Le groupe bancaire français, qui se retire de marchés comme le Bénin, le Togo, le Burkina Faso ou encore la Guinée Équatoriale, cherche à recentrer ses activités sur des zones jugées plus stratégiques. Cette volonté de rationalisation touche également le Sénégal, où Société Générale est présente depuis plusieurs décennies. Actuellement, Société Générale détient 63,31 % du capital de sa filiale sénégalaise. En outre, 35,13 % des parts sont détenues par des privés sénégalais, et une petite part, soit 1,56 %, est également détenue par la Société Générale de Banques en Côte d’Ivoire (SGBCI), première banque de l’Uemoa.
BNDE en première ligne
Du côté de Dakar, les autorités sénégalaises ont clairement affiché leur intention de reprendre la main. Selon des sources proches du dossier, plusieurs options sont à l’étude, avec une nette préférence pour une reprise par un acteur local. La BNDE, majoritairement détenue par l’État à hauteur de 81,8 %, est en pôle position pour mener cette opération.
Créée en 2014 pour soutenir les PME et PMI, la BNDE a connu une croissance rapide, avec un total bilan passant de 76 milliards FCFA en 2015 à 555 milliards FCFA en 2023. Renforcée par une augmentation de son capital social, qui est passé de 11 milliards à 52 milliards FCFA en novembre 2023, la banque affiche aujourd’hui des fondamentaux solides. Elle a enregistré un produit net bancaire (PNB) de 25,8 milliards FCFA en 2023, en hausse de 47 %, et des fonds propres consolidés à près de 70 milliards FCFA.
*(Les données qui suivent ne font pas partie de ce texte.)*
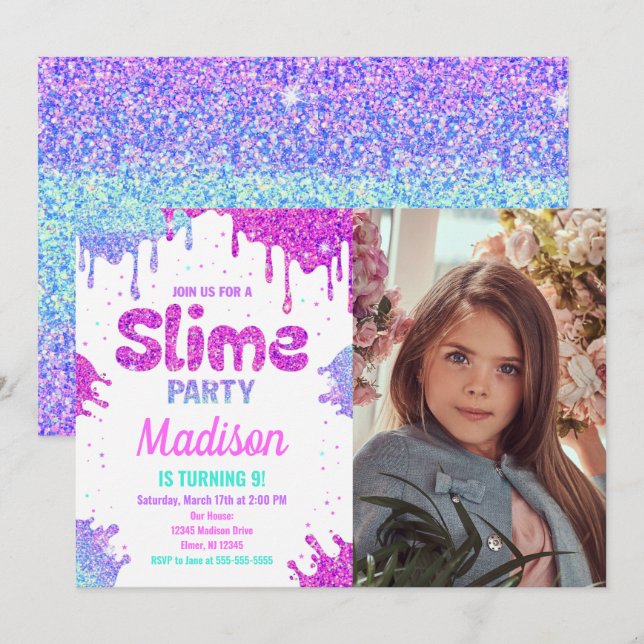 Slim fest födelsedagsinbjudan glitter inbjudningar (Fram/baksida)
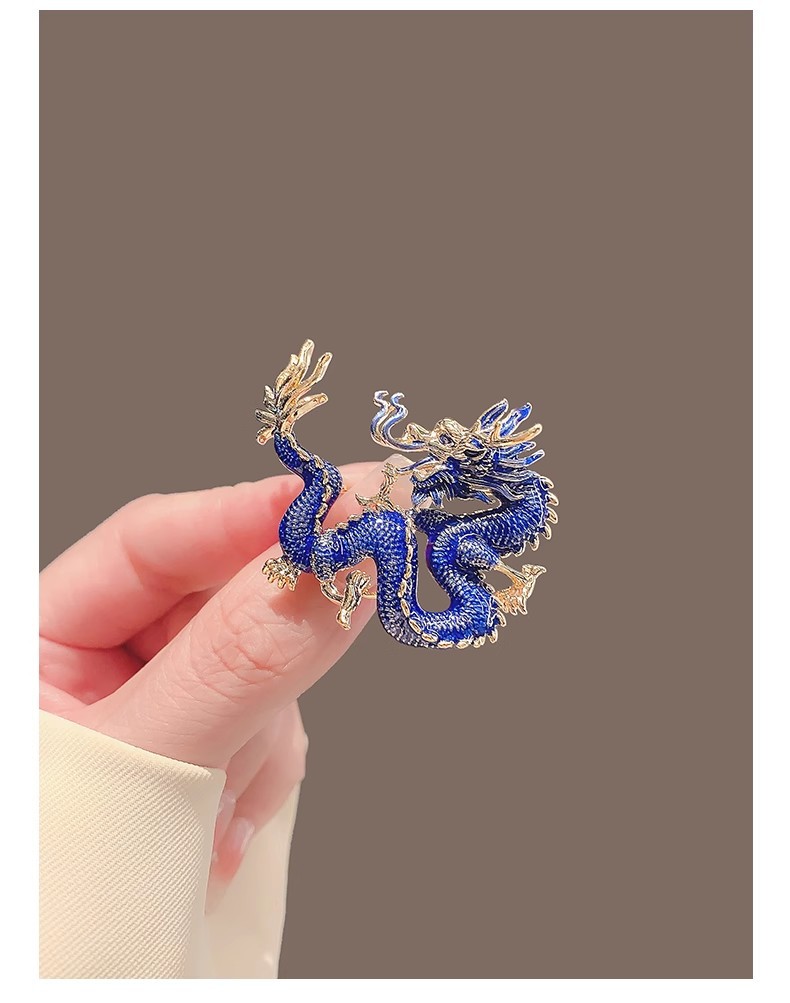 Retro Lapel Pin Luxurious Niche Design Vintage Enamel Dragon Brooch For Men's Suits, Coats, And Sweaters, Zodiac-themed Accessory_voghion.com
Société Générale, un poids lourd du secteur bancaire sénégalais
Avec un total actif de 1 391 milliards FCFA, soit 10,8 % des parts de marché en termes d’actifs sur le marché sénégalais, Société Générale Sénégal se classait en deuxième position du secteur bancaire du pays, juste derrière la CBAO (Compagnie Bancaire de l’Afrique Occidentale), filiale d’Attijariwafa Bank, qui reste le leader, mais loin devant la BNDE qui ne détenait que 4,26 % de parts de marché avec son total bilan de 555 milliards FCFA.
Se doter d’un levier de financement plus puissant
Le Sénégal s’inspire de son voisin béninois, qui a annoncé, en juillet 2024, son intention d’acquérir la filiale locale de Société Générale. À l’instar de Cotonou, Dakar voit dans cette opération une opportunité de se doter d’un bras financier plus important.
L’objectif est de mieux contrôler les leviers de financement d’une économie dominée par les PME, dont les besoins restent encore largement insatisfaits. En 2023, les PME sénégalaises ne captaient que moins de 10 % de l’encours total des crédits accordés aux entreprises, un chiffre bien inférieur à la moyenne de 14 % observée au sein de l’Union économique et monétaire ouest-africaine (UEMOA). Parallèlement, le déficit budgétaire du Sénégal s’est aggravé, atteignant 915 milliards FCFA, soit environ 5,5 % du PIB. L’État avait dû emprunter plus de 1063 milliards FCFA sur les marchés financiers régionaux pour couvrir une partie de ce déficit.
Le processus de désengagement de Société Générale en Afrique se poursuit, avec des cessions envisagées dans plusieurs autres pays, notamment au Ghana et au Cameroun.